Countdown to Marriage Deadline

By Matt Baume

All eyes are on Illinois, with less than a week left to pass its marriage equality bill. Meanwhile, public support grows in Tennessee and an equality bill passes the legislature in Nevada, but major obstacles remain in both states. And we’re just one month away from the deadline for a Prop 8 decision. Depending on the ruling, marriage equality could soon be the law of the land in California, and possibly beyond.

This is it — the last week of the legislative session in Illinois. If marriage equality is going to pass this year, it’s going to have to happen in the next few days.

The bill has been endorsed by both Bill Clinton and Barack Obama, and Governor Pat Quinn has pledged his signature. But we still don’t know if there are enough votes for passage. The effort’s being led by Equality Illinois. Visit to find out how you can help, wherever you are.

A new survey in Tennessee shows growing support for marriage. Forty-nine percent favor some form of relationship recognition, with 32 percent for marriage. This is quite a jump from 2006, when just fifteen percent opposed a state constitutional ban on marriage. That ban ultimately passed, and remains in place to this day.

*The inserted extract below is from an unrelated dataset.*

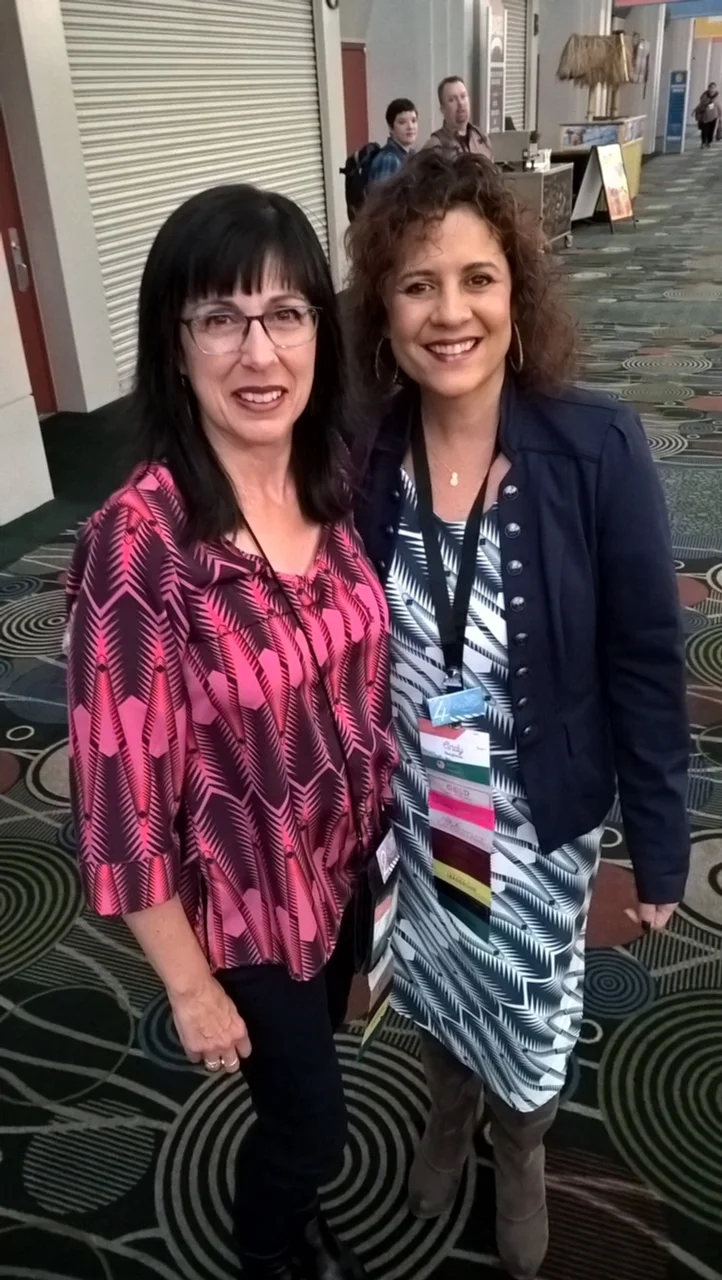 Brenda and Cindy at On Stage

Meanwhile, marriage has advanced in Nevada, but still has a long way to go. The state Assembly passed a marriage equality bill last week on a 27 to 14 vote, which included one Republican voting in favor. The next step for the bill won’t come for another two years, when the legislature must pass it one more time before it goes to the ballot in 2016.

It’s still a long road to victory in Nevada, and in the 29 other states with constitutional amendments. But that landscape could change dramatically once the US Supreme Court rules on Prop 8. The deadline for that ruling is in one month.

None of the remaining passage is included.